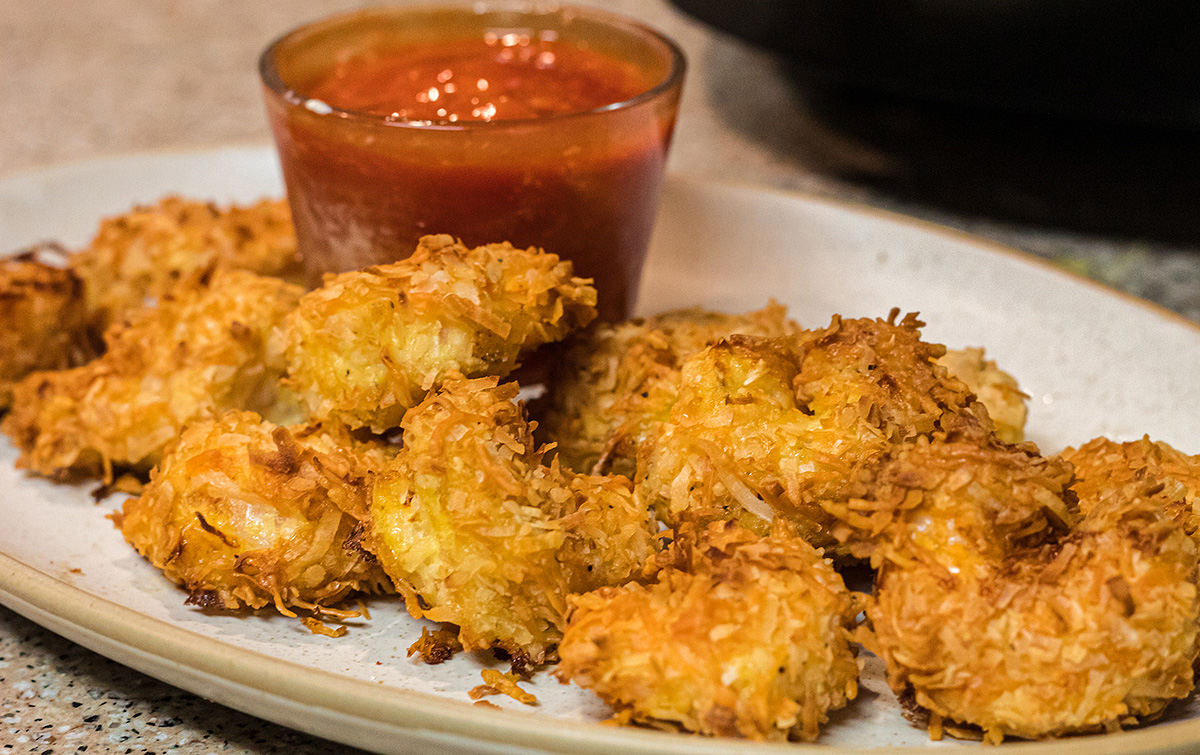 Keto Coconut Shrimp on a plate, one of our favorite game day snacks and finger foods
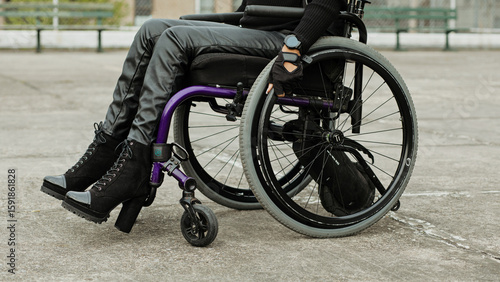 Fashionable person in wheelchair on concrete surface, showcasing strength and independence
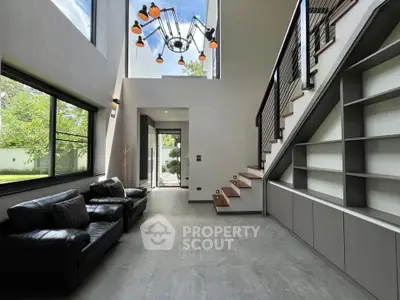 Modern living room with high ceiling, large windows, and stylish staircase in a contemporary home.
_ _ _ _ _
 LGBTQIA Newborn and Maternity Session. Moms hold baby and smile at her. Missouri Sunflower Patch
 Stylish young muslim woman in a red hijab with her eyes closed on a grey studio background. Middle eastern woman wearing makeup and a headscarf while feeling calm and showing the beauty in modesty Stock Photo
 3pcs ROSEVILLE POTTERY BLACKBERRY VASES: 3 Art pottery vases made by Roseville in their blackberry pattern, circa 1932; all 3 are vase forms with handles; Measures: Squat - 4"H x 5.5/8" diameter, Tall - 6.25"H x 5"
_ _ _ _ _
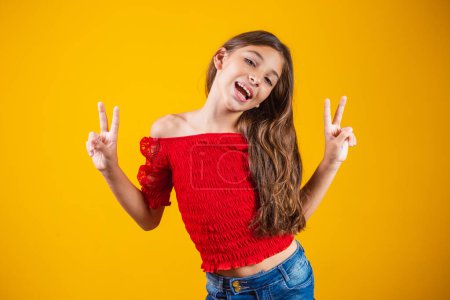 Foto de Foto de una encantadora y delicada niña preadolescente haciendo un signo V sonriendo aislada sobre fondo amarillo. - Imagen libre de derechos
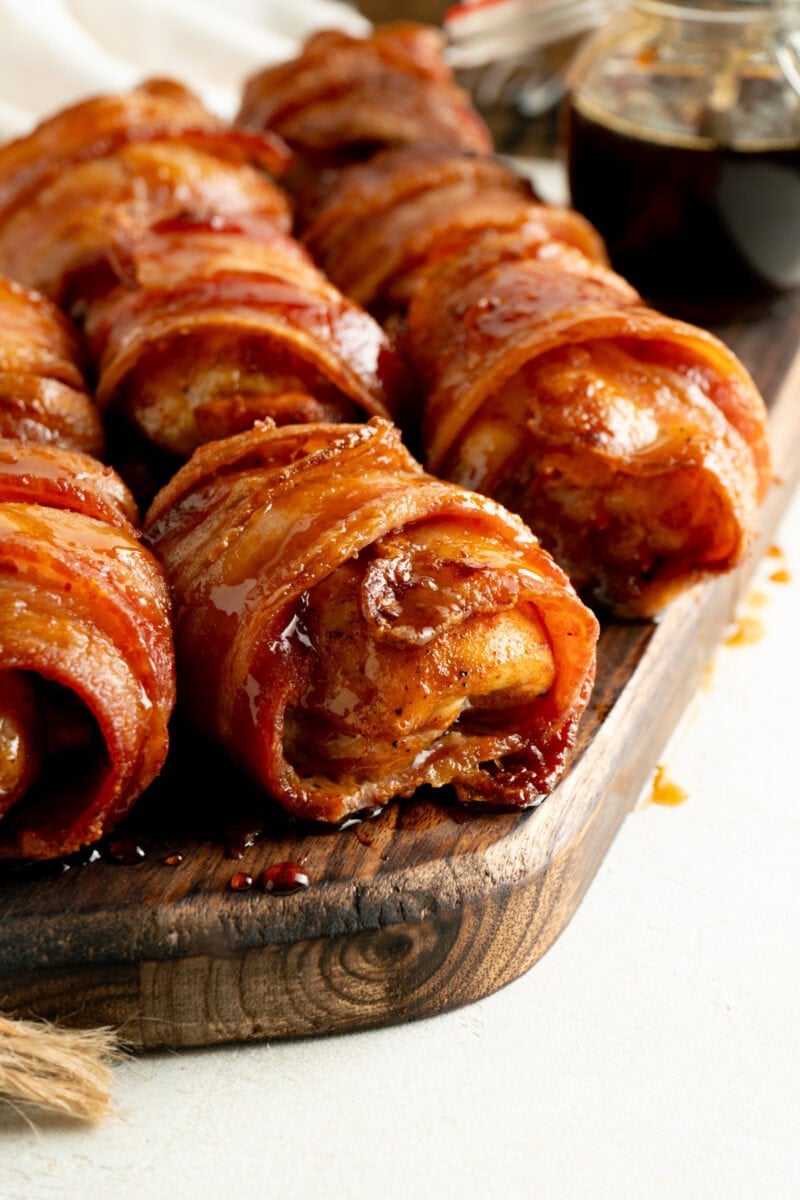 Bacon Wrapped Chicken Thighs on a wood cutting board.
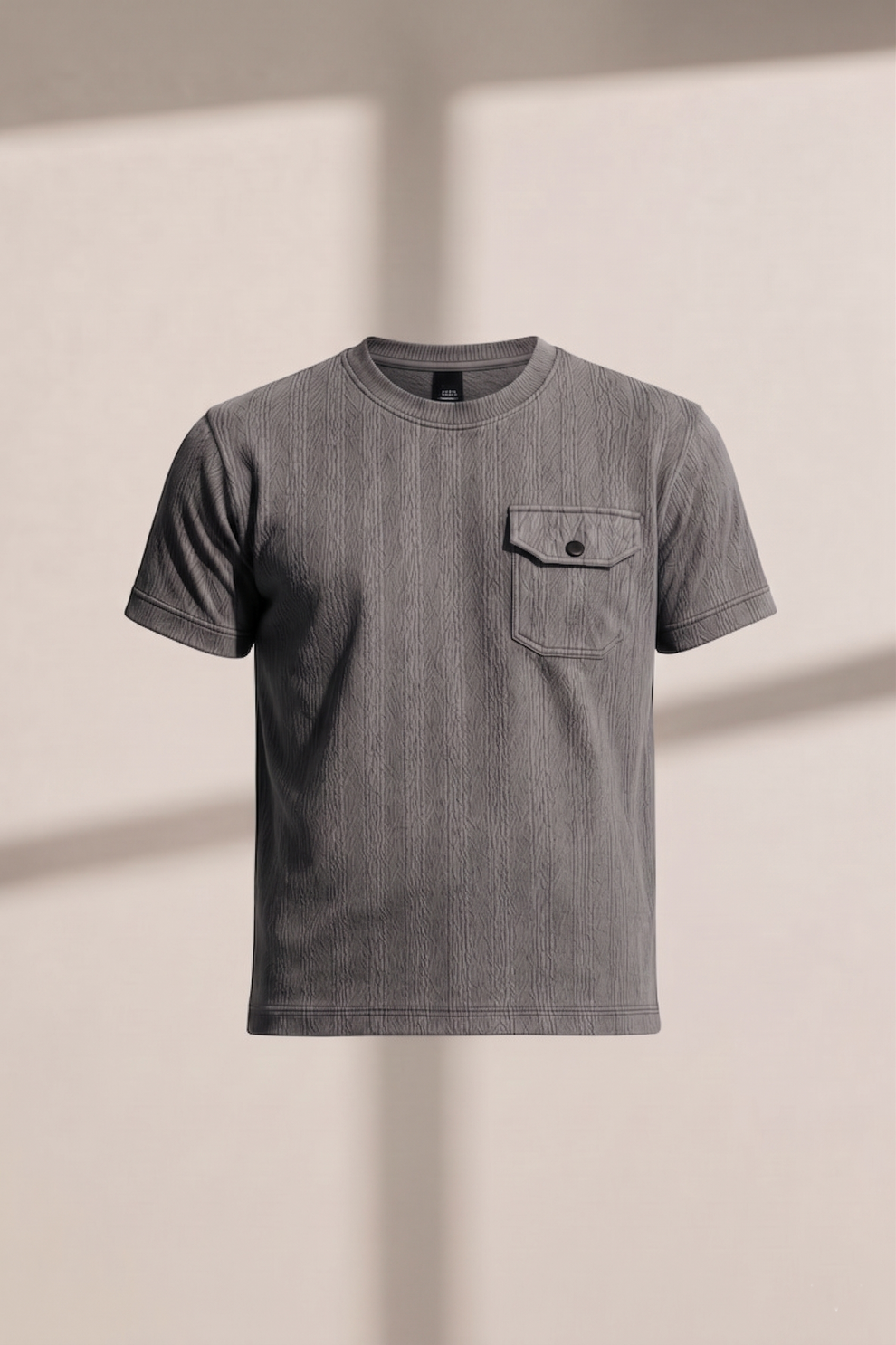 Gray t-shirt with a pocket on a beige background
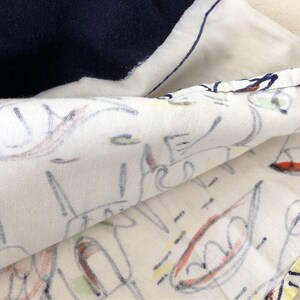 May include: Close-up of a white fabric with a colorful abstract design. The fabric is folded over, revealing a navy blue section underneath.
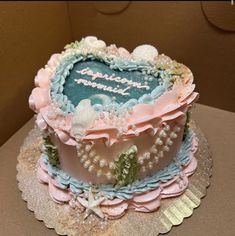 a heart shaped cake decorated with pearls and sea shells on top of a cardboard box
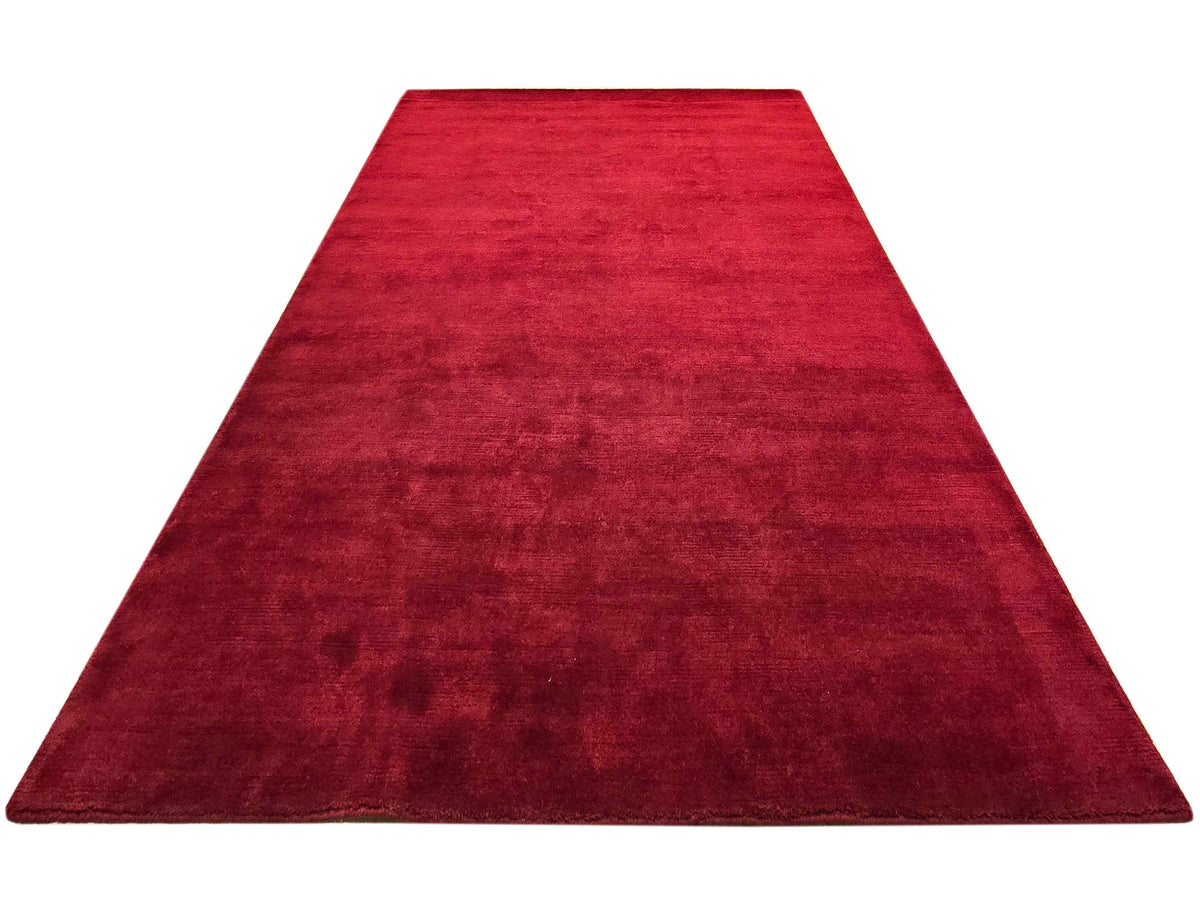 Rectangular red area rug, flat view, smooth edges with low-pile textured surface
_ _ _ _ _
ASSIGNMENT = The answer is the lines of the material above, from the one containing "Gray t-shirt with" down to the one containing "May include: Close-up", given exactly and without images.

RESPONSE =
 Gray t-shirt with a pocket on a beige background
 May include: Close-up of a white fabric with a colorful abstract design. The fabric is folded over, revealing a navy blue section underneath.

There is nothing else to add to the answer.